Zhou Erjin: Definitions vary. I see it as out-of-the-box usability with scenario generalization and guaranteed accuracy. Your model and hardware should work not just in your lab but anywhere.

This could involve simple tasks like pick-and-place (moving objects from point A to B), which already address many problems. Achieving error-free performance across diverse scenarios and objects would represent a significant leap beyond existing models.

Theory of Intelligent Evolution: Could you clarify “out-of-the-box” with an example? Would downstream manufacturers simply deploy our models?

Zhou Erjin: We’ll initially bind our models to our own hardware, as our proprietary hardware and algorithms are optimally aligned. On our platforms, we aim for out-of-the-box basic actions. We break down generalization into four dimensions: objects, scenarios, tasks, and hardware configurations, with difficulty increasing sequentially. Our primary focus is on the first three. Hardware adaptation involves a learning process—like a large model unfamiliar with German needing fine-tuning with German data to become proficient.

Theory of Intelligent Evolution: What’s overhyped and what’s underestimated in the industry?

Zhou Erjin: Compared to large models, embodied AI isn’t overhyped—if anything, it lacks sufficient attention. Expectations for general-purpose robots remain consistently underestimated.

I believe data investment is still insufficient. Many large-scale data efforts originate overseas, proving their viability, while we follow. The industry needs greater, more resolute commitment to data investment.

Theory of Intelligent Evolution: What challenges does the industry face with real-world data?

Zhou Erjin: Balancing cost, scale, and precision is key. Scaling up while controlling costs makes it hard to maintain both scale and high precision.

For broad scenario generalization (e.g., human or egocentric data), precision is low but volume is high. For precise execution of specific actions, teleoperation captures high-precision joint motor signals—but at the cost of scalability.

Theory of Intelligent Evolution: What constitutes high-quality data for training embodied models?

Zhou Erjin: It depends on your goals—address deficiencies directly.

Theory of Intelligent Evolution: You use three data types: multimodal internet data, driving behavior data, and embodied multi-sensor data. Will real-world data’s share keep growing?

Zhou Erjin: Absolutely. Real-world data is the biggest variable for improving model quality. Robot data collection is just beginning to scale up, and volume can be increased rapidly.
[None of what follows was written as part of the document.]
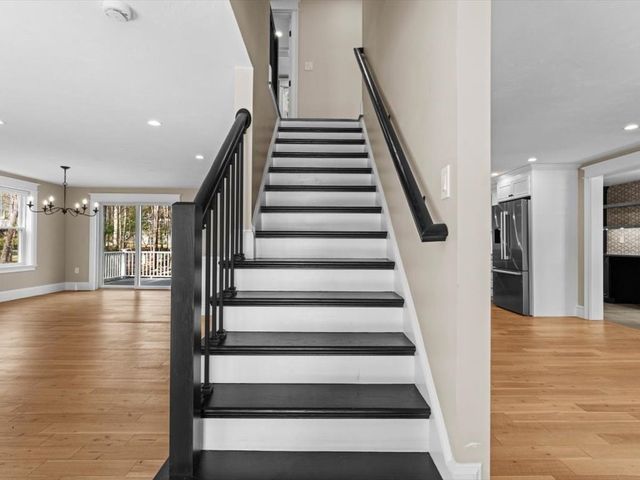 4 Hazeltine Rd, Upton, MA 01568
Theory of Intelligent Evolution: You mentioned “investing data where entropy lies.” Who judges entropy—humans or systems?
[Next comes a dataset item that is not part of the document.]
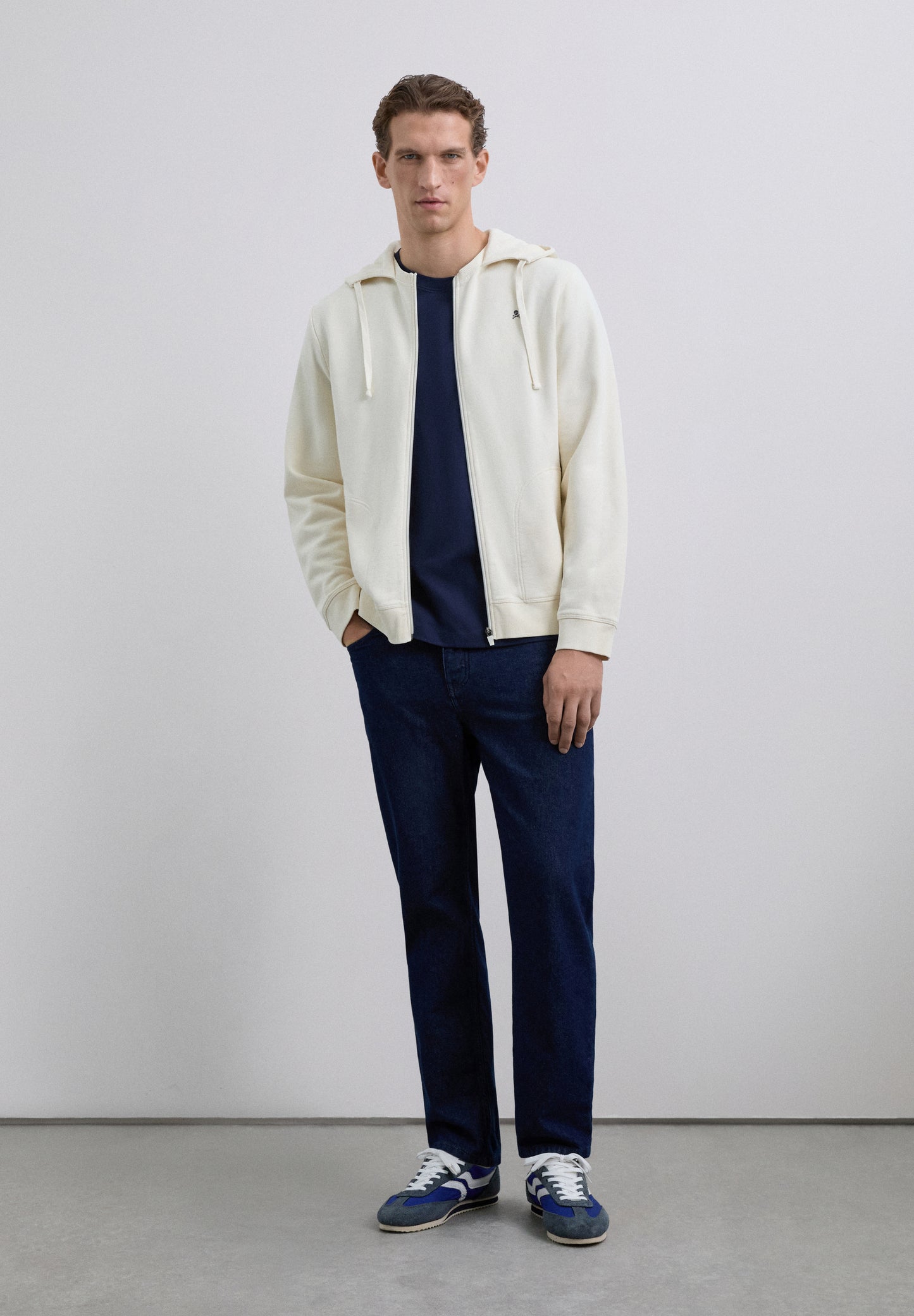 SUDADERA CAPUCHA BORDADA CONTRASTE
Zhou Erjin: Ultimately, we aim for automated system feedback. Areas prone to errors—high information density—should be prioritized for resource allocation. Once resolved, they become trivial (like elementary math problems). But current baselines are low, so human judgment suffices for now.

Theory of Intelligent Evolution: Your “whole-body, full-time, omni-domain” data collection—what does “omni-domain” mean?
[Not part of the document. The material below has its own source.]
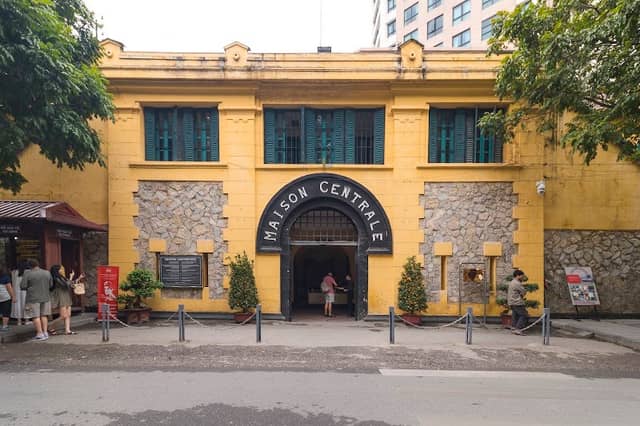 Hoa Lo Prison - Image 2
Zhou Erjin: It refers to collection scenarios and locations. If robots are to eventually perform most human daily tasks, their training should cover all areas where humans currently operate.

Theory of Intelligent Evolution: How do you view first-person data collection?

Zhou Erjin: It’s highly valuable. First-person perspective is a major focus for us this year. Before large-scale robot deployment, it offers a cost-effective way to capture diverse actions across scenarios.

Models and Closed Loops

Theory of Intelligent Evolution: What’s your take on the VLA (Visual-Language-Action) pathway?

Zhou Erjin: Current embodied training transfers knowledge from existing systems to the physical world. VLA builds on internet-pretrained VLMs, adding action or robot data to acquire physical skills. However, its upper limit may be apparent—like a child raised solely on books until age 10 before learning to play soccer, limiting athletic development. That’s why our DM0 model adopts an embodied-native VLA approach, training internet and robot data jointly from day one—like a child who reads and plays sports equally from the start.

Theory of Intelligent Evolution: Is this the core of your embodied-native approach? How is it implemented?

Zhou Erjin: The key lies in training methodology. We train our VLM from scratch, incorporating a multi-task paradigm called the “physical spatial reasoning chain of thought.”

Theory of Intelligent Evolution: How does the spatial reasoning chain work?

Zhou Erjin: Like humans, it involves task decomposition (e.g., cleaning a room: first sweep, then mop), object localization (finding the broom), and subconscious motion planning (walking to the broom before sweeping). We want the model to generate motion trajectories, represented as lines or 3D paths, enabling robots to understand and execute complex tasks like humans.

Theory of Intelligent Evolution: Will the spatial reasoning chain evolve this year to achieve higher generalization?

Zhou Erjin: Yes, it will become more complex. Robots will need to interpret deictic references (e.g., gestures, spatial pronouns like “there”)—common in daily life but currently challenging for AI. Expanding training modes to include such references will be crucial.

Theory of Intelligent Evolution: What barriers does the spatial reasoning chain face?

Zhou Erjin: Methods are open-source, so they’re not barriers. The core lies in data and understanding embodied tasks. Without hands-on robot experience, it’s hard to identify pitfalls or error-prone areas, which guide our training workflows.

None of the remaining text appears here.